A nice arithmetical trick to show to children is the 1089 trick. It’s not really a trick, just a surprising and cool arithmetical result that appears to be inexplicable at first sight. And a bit spooky. What is it about 1089 that is so universally significant!? Here’s the trick…
Take any 3 digit number for which the first and last digits differ by 2 or more, so for example, take 247. Then reverse the number and subtract so :
742 – 247 = 495
Reverse this result and add, so:
495 + 594 = 1089
This answer, 1089, will result from any 3 digit number where the first and last digits differ by at least 2.
The explanation becomes clear when you look at the algebra behind the sums.
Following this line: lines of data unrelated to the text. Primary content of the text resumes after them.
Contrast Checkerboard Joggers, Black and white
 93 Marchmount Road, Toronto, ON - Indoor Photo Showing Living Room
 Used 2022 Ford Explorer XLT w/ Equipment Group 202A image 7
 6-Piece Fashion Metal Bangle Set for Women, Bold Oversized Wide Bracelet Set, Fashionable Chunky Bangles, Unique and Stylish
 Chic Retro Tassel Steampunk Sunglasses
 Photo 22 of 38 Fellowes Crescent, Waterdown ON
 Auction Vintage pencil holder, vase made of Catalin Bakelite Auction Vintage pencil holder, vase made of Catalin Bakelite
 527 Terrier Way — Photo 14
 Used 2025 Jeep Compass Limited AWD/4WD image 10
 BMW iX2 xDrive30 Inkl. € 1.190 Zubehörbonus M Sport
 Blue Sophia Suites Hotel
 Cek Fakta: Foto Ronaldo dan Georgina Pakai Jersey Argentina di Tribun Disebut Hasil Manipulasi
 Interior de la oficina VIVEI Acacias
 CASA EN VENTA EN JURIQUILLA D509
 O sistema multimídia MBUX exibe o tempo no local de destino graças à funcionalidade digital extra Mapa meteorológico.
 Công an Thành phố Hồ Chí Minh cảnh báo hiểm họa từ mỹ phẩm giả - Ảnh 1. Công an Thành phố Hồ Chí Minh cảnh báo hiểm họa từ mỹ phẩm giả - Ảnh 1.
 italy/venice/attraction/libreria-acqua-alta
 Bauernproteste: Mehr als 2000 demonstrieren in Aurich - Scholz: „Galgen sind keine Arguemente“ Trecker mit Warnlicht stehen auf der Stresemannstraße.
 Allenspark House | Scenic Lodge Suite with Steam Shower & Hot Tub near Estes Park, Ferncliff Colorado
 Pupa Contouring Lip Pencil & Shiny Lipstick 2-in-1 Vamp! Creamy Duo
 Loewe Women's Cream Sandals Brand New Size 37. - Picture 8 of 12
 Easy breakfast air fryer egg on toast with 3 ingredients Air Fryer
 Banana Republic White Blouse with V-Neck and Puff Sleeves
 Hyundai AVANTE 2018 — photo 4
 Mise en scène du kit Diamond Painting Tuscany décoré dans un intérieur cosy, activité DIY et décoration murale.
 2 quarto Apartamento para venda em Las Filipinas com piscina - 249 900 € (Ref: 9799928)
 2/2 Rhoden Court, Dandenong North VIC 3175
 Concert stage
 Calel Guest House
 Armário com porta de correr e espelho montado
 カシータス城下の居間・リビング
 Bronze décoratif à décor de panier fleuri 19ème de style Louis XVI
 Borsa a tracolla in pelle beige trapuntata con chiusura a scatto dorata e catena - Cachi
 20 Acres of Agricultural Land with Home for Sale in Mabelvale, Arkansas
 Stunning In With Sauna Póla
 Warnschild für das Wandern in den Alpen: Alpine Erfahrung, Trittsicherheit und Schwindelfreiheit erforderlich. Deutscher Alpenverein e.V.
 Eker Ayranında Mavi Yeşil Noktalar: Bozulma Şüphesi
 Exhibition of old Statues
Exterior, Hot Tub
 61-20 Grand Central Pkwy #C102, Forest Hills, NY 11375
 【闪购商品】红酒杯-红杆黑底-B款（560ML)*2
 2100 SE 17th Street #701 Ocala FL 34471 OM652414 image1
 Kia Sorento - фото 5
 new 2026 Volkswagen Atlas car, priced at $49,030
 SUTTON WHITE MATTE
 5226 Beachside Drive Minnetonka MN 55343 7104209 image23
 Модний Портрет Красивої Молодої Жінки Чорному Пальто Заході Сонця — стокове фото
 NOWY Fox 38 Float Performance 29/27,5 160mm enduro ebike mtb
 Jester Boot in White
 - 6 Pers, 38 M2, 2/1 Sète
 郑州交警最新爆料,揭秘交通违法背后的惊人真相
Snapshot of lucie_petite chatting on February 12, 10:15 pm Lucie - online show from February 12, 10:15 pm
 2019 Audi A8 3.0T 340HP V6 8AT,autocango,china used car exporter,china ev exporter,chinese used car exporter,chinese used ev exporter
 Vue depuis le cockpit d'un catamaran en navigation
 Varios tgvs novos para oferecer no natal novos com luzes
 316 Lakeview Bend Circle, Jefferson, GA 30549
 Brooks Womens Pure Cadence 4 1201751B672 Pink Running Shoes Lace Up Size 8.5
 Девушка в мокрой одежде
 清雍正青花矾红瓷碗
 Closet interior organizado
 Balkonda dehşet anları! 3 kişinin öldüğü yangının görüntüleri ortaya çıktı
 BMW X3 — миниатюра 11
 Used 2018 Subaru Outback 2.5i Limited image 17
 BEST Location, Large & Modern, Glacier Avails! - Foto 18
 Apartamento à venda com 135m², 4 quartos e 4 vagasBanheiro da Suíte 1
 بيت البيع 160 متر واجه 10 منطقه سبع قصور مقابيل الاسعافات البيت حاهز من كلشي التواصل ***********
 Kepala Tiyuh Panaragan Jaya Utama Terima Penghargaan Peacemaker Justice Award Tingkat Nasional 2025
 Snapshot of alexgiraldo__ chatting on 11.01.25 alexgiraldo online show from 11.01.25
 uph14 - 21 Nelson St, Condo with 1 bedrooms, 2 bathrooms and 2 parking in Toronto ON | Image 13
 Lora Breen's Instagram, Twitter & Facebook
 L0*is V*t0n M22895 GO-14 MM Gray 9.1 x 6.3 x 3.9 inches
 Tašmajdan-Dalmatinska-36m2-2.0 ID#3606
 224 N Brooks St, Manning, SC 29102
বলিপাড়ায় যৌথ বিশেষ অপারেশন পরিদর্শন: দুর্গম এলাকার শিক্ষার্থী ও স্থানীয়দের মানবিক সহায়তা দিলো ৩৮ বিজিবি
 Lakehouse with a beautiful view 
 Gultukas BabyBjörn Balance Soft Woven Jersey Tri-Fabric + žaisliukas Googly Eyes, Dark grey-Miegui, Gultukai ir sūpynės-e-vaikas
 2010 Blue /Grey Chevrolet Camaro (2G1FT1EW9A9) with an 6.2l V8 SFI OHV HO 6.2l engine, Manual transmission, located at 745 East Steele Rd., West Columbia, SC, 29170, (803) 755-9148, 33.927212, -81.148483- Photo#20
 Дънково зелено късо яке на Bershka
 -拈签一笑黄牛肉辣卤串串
Take any 3 digit number, abc. Writing the subtraction (this time taking the reversed number from the original – it doesn’t matter which way round it goes) gives:
abc – cba = 100a -100c – a – c (the b’s in the tens column cancel out)
= 99a – 99c = 99(a-c)
Since a and c differ by at least 2, the possible values of a-c are: 2,3,4,5,6,7,8
So, 99(a-c) must equal one of the following: 198, 297, 396, 495, 594, 693, 792
Now say that the result of abc – cba is xyz
Then the end result, e, of adding xyz to zyx can be written as 100x + 10y + z + 100z + 10y + x
e = 100(x+z) + 20y +x + z
But from our list of possible values of 99(a-c), we can can see that the middle digit, y, is always 9. Also, the addition of the two end digits is always 9. So x+z = 9.
So our final sum e = 100(9) + 20(9) + 9
e= 900 + 180 + 9
e=1089
Always.
QED!
Phew! And that’s a simple proof by any mathematical standard.